= Task requirements =
Using the records that follow, reproduce exactly the lines starting at the line containing "HONDA-CITY-1.5 EXL 16V" and ending at the line containing "3rd place, a". Include both end lines and no pictures.

Scraped caption text data

════

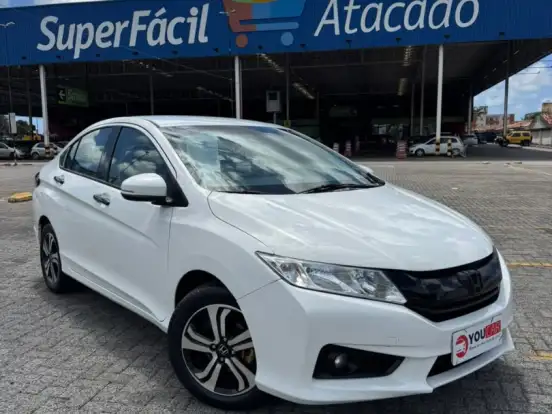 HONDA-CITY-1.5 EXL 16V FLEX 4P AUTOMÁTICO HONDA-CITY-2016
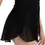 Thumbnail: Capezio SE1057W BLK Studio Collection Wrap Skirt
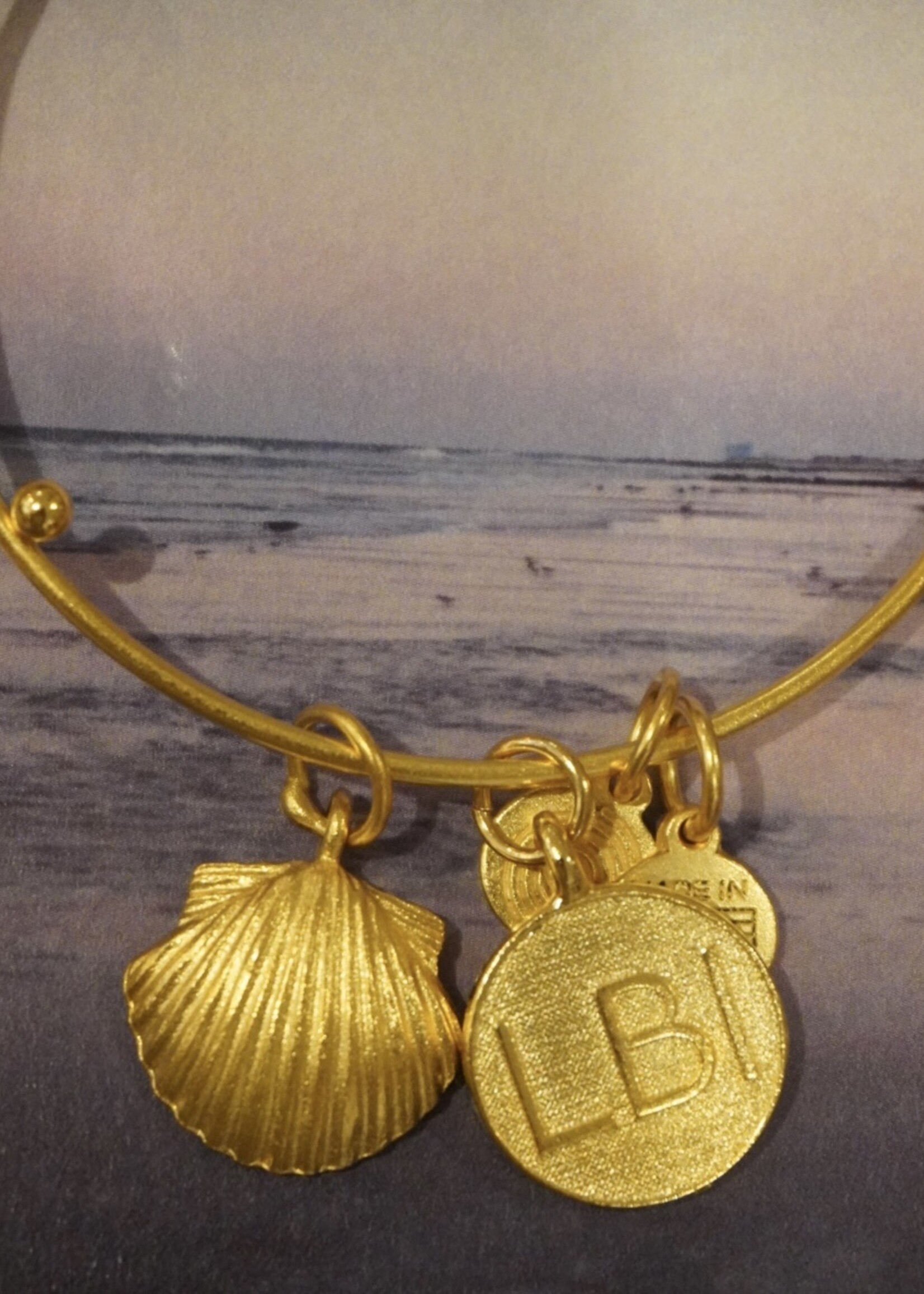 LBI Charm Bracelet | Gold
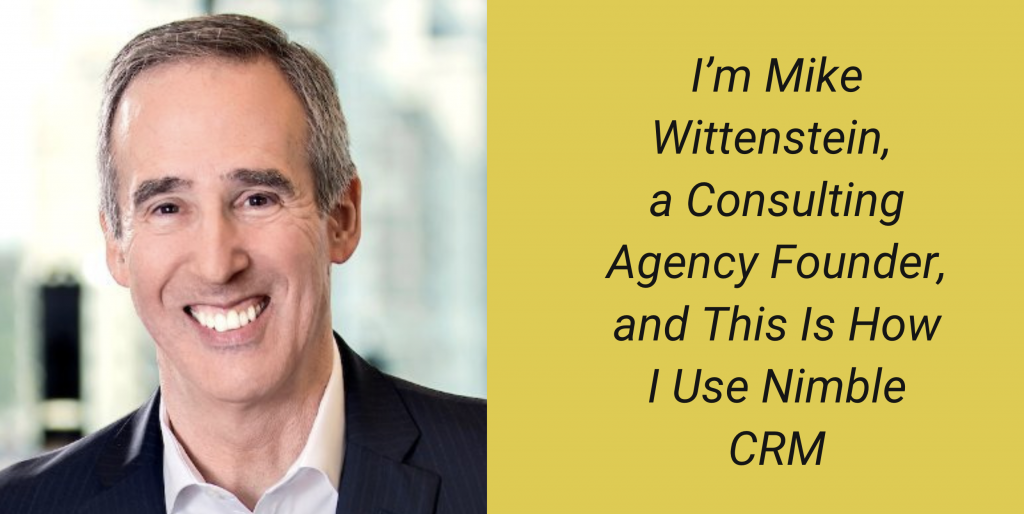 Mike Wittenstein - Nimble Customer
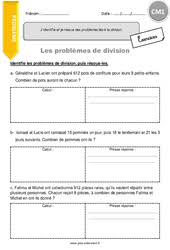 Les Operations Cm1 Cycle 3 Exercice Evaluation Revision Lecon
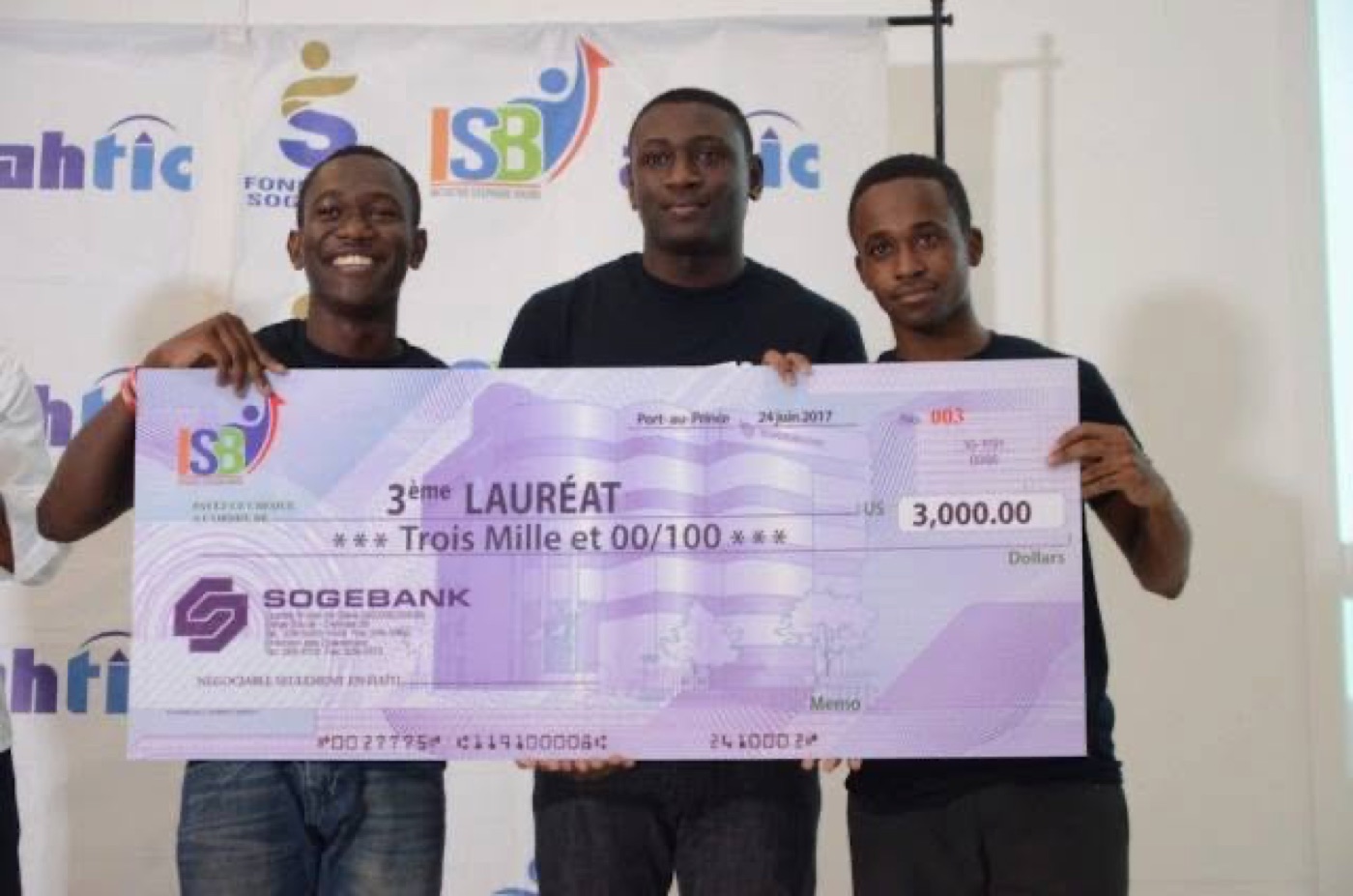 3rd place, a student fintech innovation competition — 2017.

════

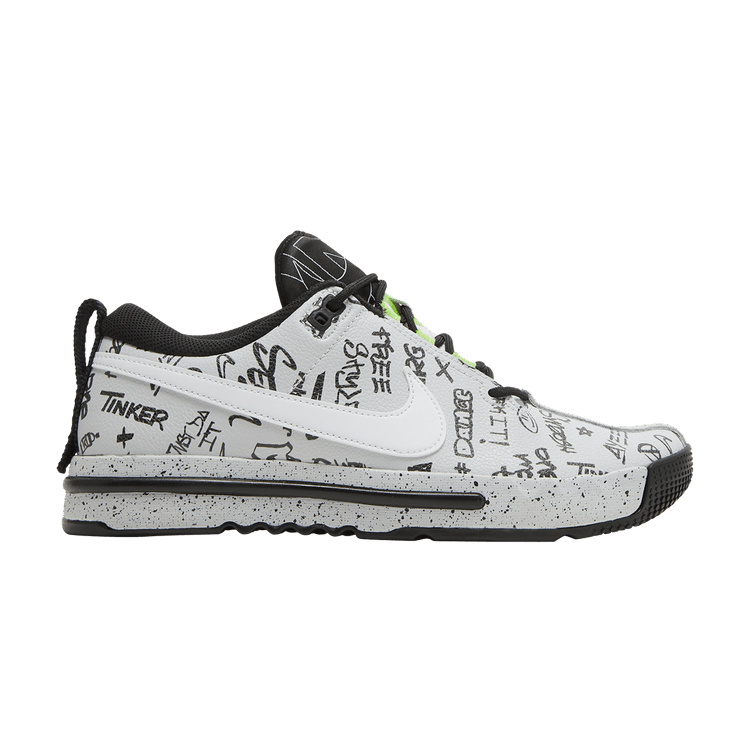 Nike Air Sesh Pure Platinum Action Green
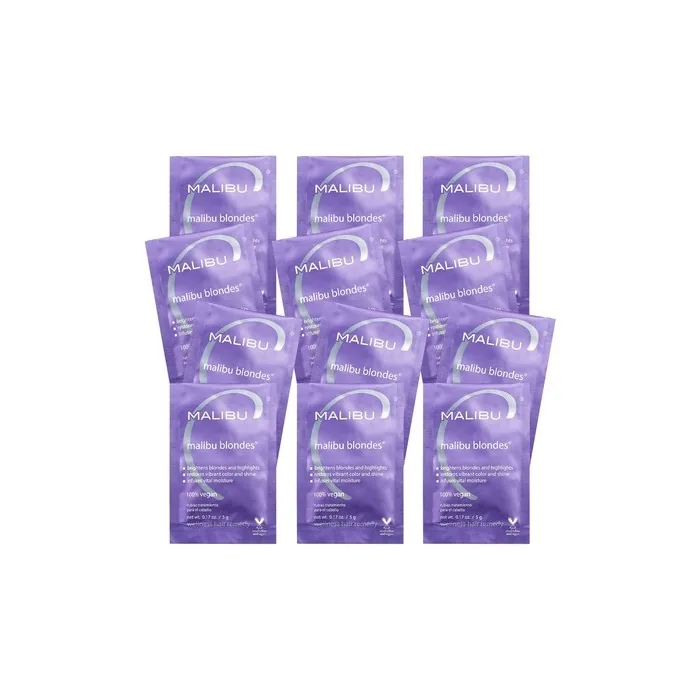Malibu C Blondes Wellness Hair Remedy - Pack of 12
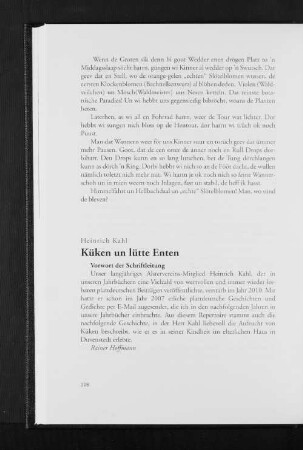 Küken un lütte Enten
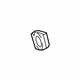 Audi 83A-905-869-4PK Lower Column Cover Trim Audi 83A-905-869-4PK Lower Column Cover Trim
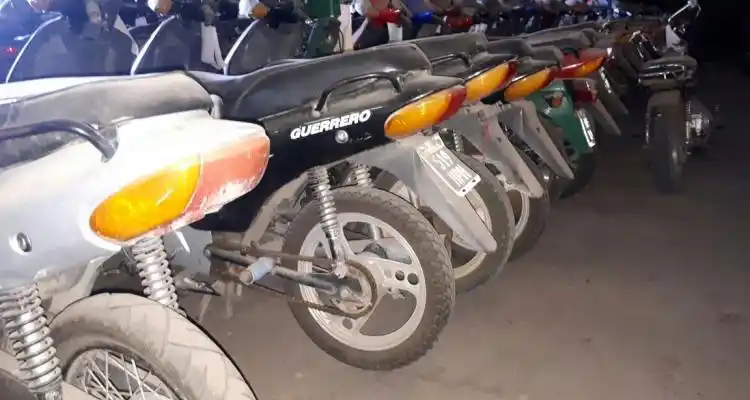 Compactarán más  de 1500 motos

════

= Response box =
 HONDA-CITY-1.5 EXL 16V FLEX 4P AUTOMÁTICO HONDA-CITY-2016
 Thumbnail: Capezio SE1057W BLK Studio Collection Wrap Skirt
 LBI Charm Bracelet | Gold
 Mike Wittenstein - Nimble Customer
 Les Operations Cm1 Cycle 3 Exercice Evaluation Revision Lecon
 3rd place, a student fintech innovation competition — 2017.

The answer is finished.